Report warns that SA’s bylaws are too sparse to run fall byelections
At an otherwise perfunctory Student Association (SA) board of directors meeting, the report of chief returning officer (CRO) Charles Wilson dominated the agenda.
On April 24, Wilson presented a comprehensive 37-page document regarding the SA’s 2017 spring election. The SA funds The Dialog.
Divided into two segments, part one’s summation of the election took a back seat to the 18 recommendations included in part two, a retrospective report entitled “Ensuring the Safeguard, Strengthening the Foundations.”
The recommendations did not shy away from fundamental changes to the SA’s electoral procedure. Aside from holding elections earlier in the 2017-18 academic year, ideas ranged from a new electoral discipline system to the implementation of electronic voting, beginning with the upcoming fall election.
“It is the opinion of this report that the polling stations themselves posed a significant barrier to any member with a disability,” stated the document’s section on accessibility during the elections.
The report advocated for a third-party company to conduct online elections as it would, “allow members to vote from any location, using accessible software that they are acquainted with and have adjusted to their particular needs.”
While the board voted to accept the CRO’s report, this did not constitute an endorsement.

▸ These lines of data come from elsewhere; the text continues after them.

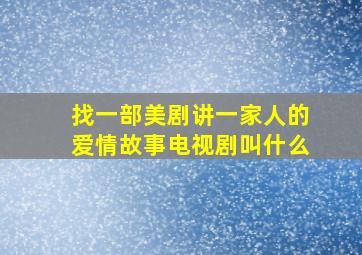 找一部美剧讲一家人的爱情故事电视剧叫什么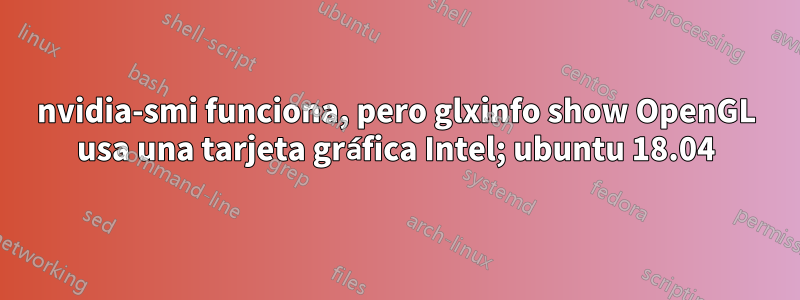 nvidia-smi funciona, pero glxinfo show OpenGL usa una tarjeta gráfica Intel; ubuntu 18.04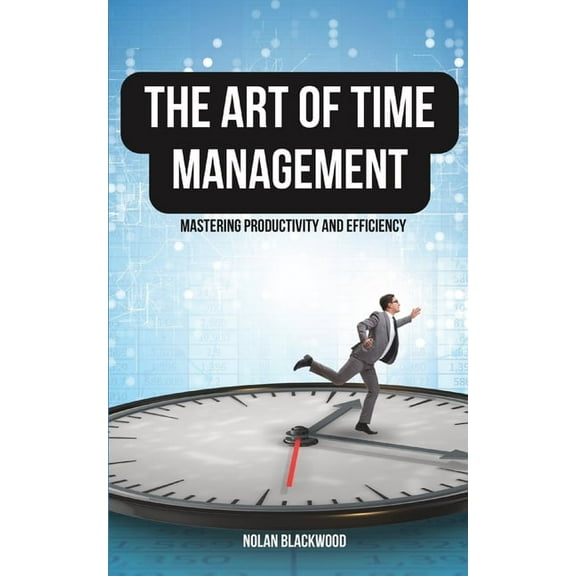 The Art of Time Management: Mastering Productivity and Efficiency, (Paperback)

Director of education Tiffany White spoke highly of the recommendations, but cautioned the board will need time over the summer to explore their options, especially the “huge undertaking” of online voting.
“One of the issues that I’m really concerned about (with online voting) is it kind of cuts down on the need for student jobs,” said White. “And one of the things we pride ourselves on as a student union is being able to provide jobs for students and making sure that they’re able to make an income.”

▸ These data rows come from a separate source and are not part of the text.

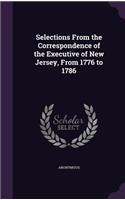 Selections From the Correspondence of the Executive of New Jersey, From 1776 to 1786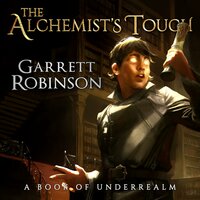 The Alchemist's Touch: A Book of Underrealm - Garrett Robinson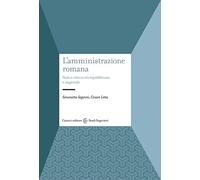 L'amministrazione romana. Stato e città in età repubblicana e imperiale (Studi superiori)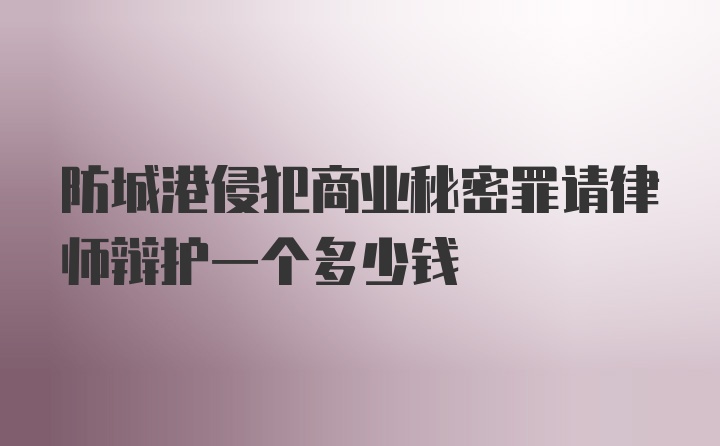 防城港侵犯商业秘密罪请律师辩护一个多少钱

For White, increasing political engagement among the students is a significant focus moving forward.
“As we saw with the CRO report, there’s still low voter turnout, there’s still low engagement and while it’s nice for students to want to go to parties, we also want them to be engaged on the more political side and the more important aspects of the organization,” said White.

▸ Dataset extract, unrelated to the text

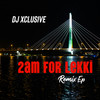 2AM For Lekki (Remix) - DJ Xclusive&CDQ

Without online voting, the report presented increased voter turnout as potentially troublesome given the resources currently available. “Should we have had even 7-10 per cent voter turnout it would have been beyond the capacity of election staff to count in a quick and efficient manner,” the report said. The SA’s 2017 spring election saw 1,362 ballots cast, a voter turnout of 6.54 per cent.
To help bolster the election services staff, the report recommended the hiring of a third deputy returning officer (DRO) or poll supervisor, provision of monthly Metropasses for the CRO and DROs and a lockable office and drawers.
In light of poster issues during the elections, detailed poster guidelines and the dispensing of approved tape to candidates were also covered in recommendations nine and 10, respectively.
The report’s final recommendation was put forward as its most pressing. Penned by DRO Daniel Gladstone, recommendation #18 presented, “a series of election-related bylaws and articles of a potential election code.”
Gladstone told those present that “the last revision to the bylaws cut out the vast majority of elections-related materials, and as we stand right now, there’s currently not enough in the bylaws to actually run an election.” The matter’s urgency was echoed at the meeting by Rosalyn Miller, equity and advocacy manager, as well as by Wilson after the fact.
“You’re going to have an election in the fall, you’re going to elect a lot of members in that fall election, and I definitely hope that they’re not going by the seat of their pants in that election and that there’s a comprehensive procedure laid out,” Wilson said.